-- Opening Marker --
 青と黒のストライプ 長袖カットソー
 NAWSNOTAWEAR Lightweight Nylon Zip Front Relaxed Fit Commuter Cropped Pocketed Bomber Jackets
-- Closing Marker --
-- Opening Marker --
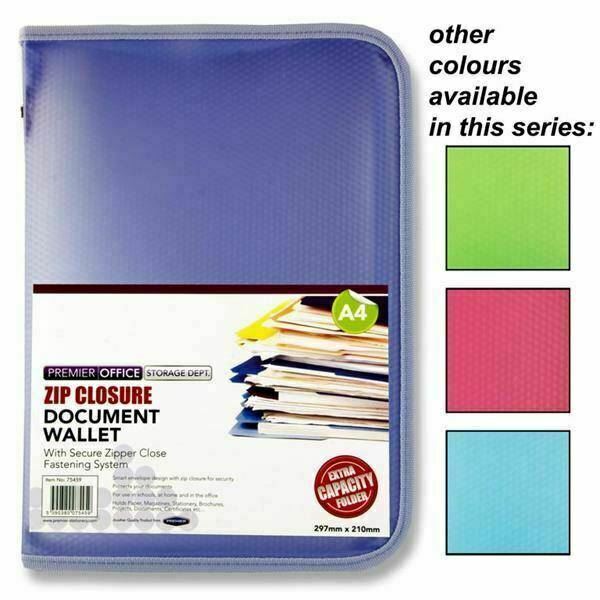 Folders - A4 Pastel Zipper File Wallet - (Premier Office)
-- Closing Marker --
■ **Work instruction**
Above are the lines; repeat exactly the ones from the line containing "青と黒のストライプ 長袖カットソー" down to the line containing "NAWSNOTAWEAR Lightweight Nylon", both inclusive.

■ **Exercise response**
 青と黒のストライプ 長袖カットソー
 NAWSNOTAWEAR Lightweight Nylon Zip Front Relaxed Fit Commuter Cropped Pocketed Bomber Jackets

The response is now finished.